The Shelby County v. Holder ruling’s specific move was to strike down this preclearance formula as unconstitutional. Though it upheld the preclearance requirement itself, the protections are, in effect, removed until Congress passes legislation describing a new formula.
“The removal of the Voting Rights Act protection could be particularly damaging going forward in a period of increasing diversity in the U.S., with the growing number of minorities deserving a fair shot at representation” —Federico Ricca
In his majority opinion, Justice John Roberts hinged his argument on how much voting access has improved in the nearly half century since the Voting Rights Act was passed, arguing that the coverage criteria were outdated.

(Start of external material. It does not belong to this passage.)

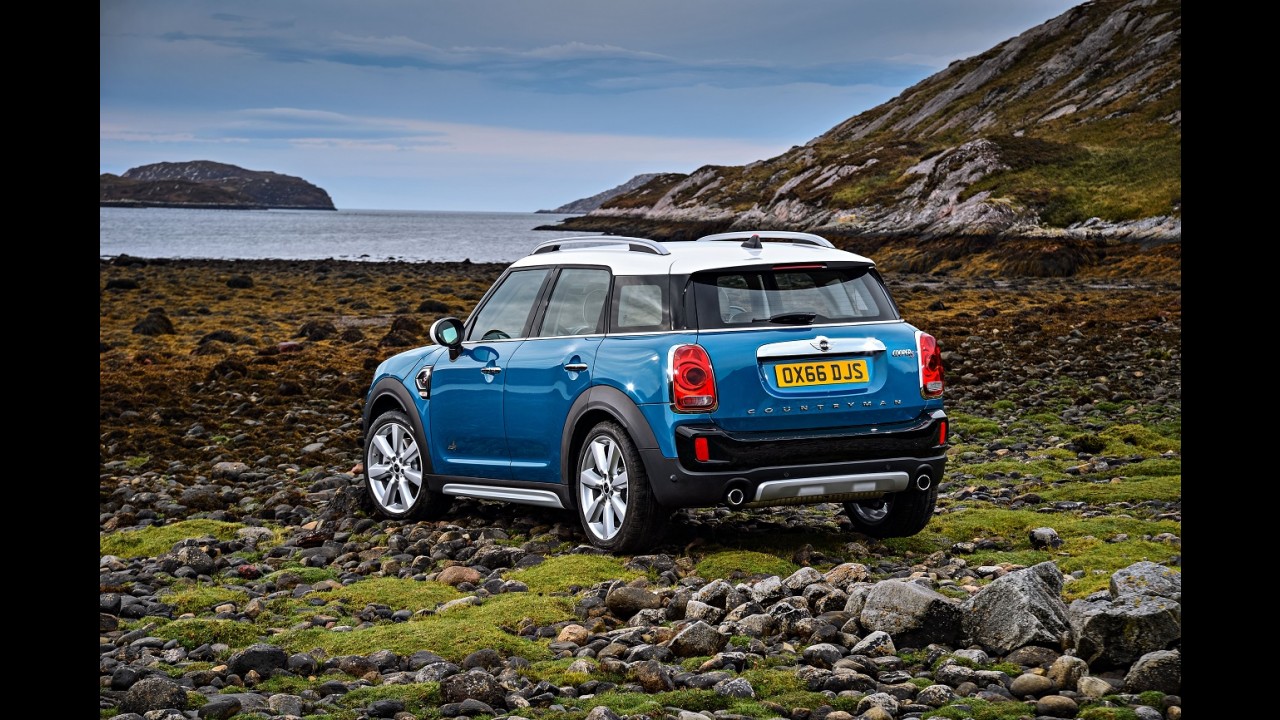 Maior e com versão híbrida, novo Mini Cooper Countryman é revelado - veja fotos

“Voter registration and turnout numbers in the covered States have risen dramatically in the years since,” Justice Roberts wrote. “Racial disparity in those numbers was compelling evidence justifying” the Voting Rights Act’s preclearance rules. “There is no longer such a disparity.”
Analyzing new data
The study’s findings undermine Justice Roberts’ words. Since the ruling, Trebbi says, he’s been eager to investigate its impact on minority voting. He has previously published research on strategic minority disenfranchisement in the U.S., and he needed to wait for Census data to accumulate before he could dive into his questions around Shelby.

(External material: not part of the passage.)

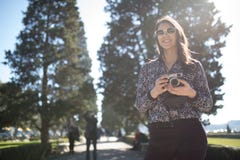 Χαμογελώντας νέα γυναίκα που μιλά στο smartphone της στην οδό Επικοινωνώντας με τους φίλους, τις ελεύθερα κλήσεις και τα μηνύματα στοκ εικόνες Χαμογελώντας νέα γυναίκα που μιλά στο smartphone της στην οδό Επικοινωνώντας με τους φίλους, τις ελεύθερα κλήσεις και τα μηνύματα στοκ εικόνες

Racial and ethnic minorities are underrepresented at all levels of government. For example, they account for 40% of the U.S. population but are still only 23% of Congress. In 2018, Latinos made up 18.1% of the U.S. population, but only 1.2% of all national and local elected officials.
Trebbi and Ricca chose to focus on local politics because the elections are nonpartisan, yet often sharply divided by race and ethnicity. City councils are important because they often serve as a launching point for careers in higher office, and they make decisions on policies and services that directly impact the average voter. So the researchers’ first step was to analyze the relationship between shares of minority voters and shares of minority city council members.

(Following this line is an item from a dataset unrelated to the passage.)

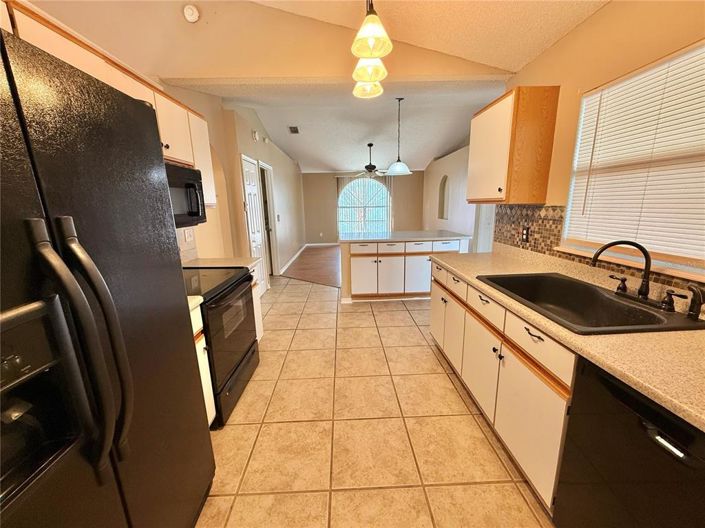 Image No.8-3 Bed House for sale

Focusing on cities also gave them a large sample to work with. They used data on municipalities and their council composition, forms of government, and electoral rules from surveys managed by the International City/County Management Association (ICMA), complemented by sociodemographic data from the U.S. Census. Their sample covered 7,687 cities between 1981 and 2020.
Pivotal groups = more underrepresentation
What the researchers found when they looked into minority representation on city councils echoed throughout their other findings. As Trebbi puts it: “Every minority racial and ethnic group is underrepresented, but they are especially underrepresented when they start to become electorally important.”
Specifically, city council underrepresentation is the highest when minorities account for 55% to 60% of the total voting age population.
“Already this tells you that there is something going on here that is not just explained by minorities voting less or participating less in elections,” Trebbi says. If that were the case, underrepresentation would be roughly the same across cities with different percentages of minority populations—not so predictably most-pronounced in cities with pivotal shares of these voters.
The researchers also examined patterns in voter registration and found that, again, under-registration rates were highest at a similar sweet spot—when levels of minority population shares were between 45% and 50%.
Evidence of strategic rule changes
Next, Trebbi and Ricca sought to determine whether electoral rules tended to change when minority voters crossed a particular population threshold. In Trebbi’s previous research, he showed that “at-large” systems—where all voters vote for city-wide representatives—dilute minority votes more than systems where smaller districts elect their own council members, because minorities tend to be concentrated in certain neighborhoods. Consistent with this finding, the researchers found that at-large systems were most likely to be used in places where minorities represented about 25% of a population—not a large enough share to threaten a white majority in a citywide election. But as a city’s minority population grew, it was less and less likely to employ an at-large election system.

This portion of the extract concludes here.